Recorded data>
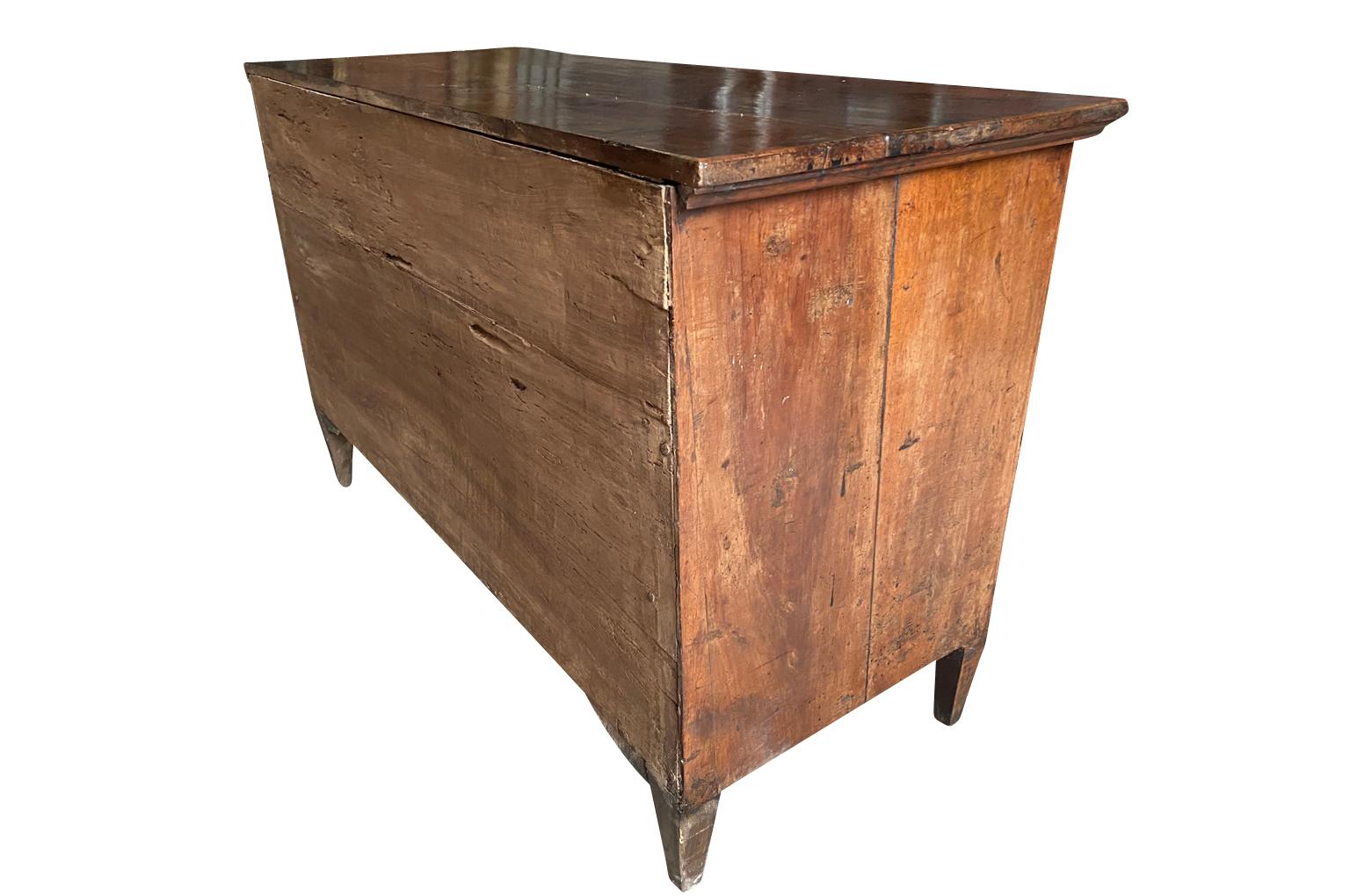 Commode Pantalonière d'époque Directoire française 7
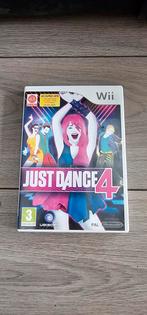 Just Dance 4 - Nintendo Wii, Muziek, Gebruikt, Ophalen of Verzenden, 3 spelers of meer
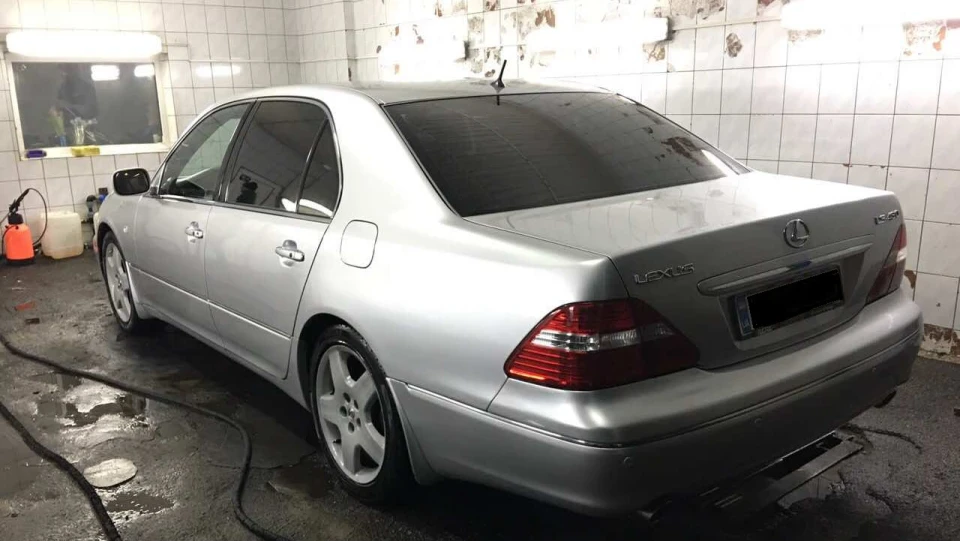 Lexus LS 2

Aim of the exercise> Everything from the line with "Just Dance 4" through the last line of the listing should be retyped exactly, with both end lines kept and the pictures left out.

Exercise answer>
 Just Dance 4 - Nintendo Wii, Muziek, Gebruikt, Ophalen of Verzenden, 3 spelers of meer
 Lexus LS 2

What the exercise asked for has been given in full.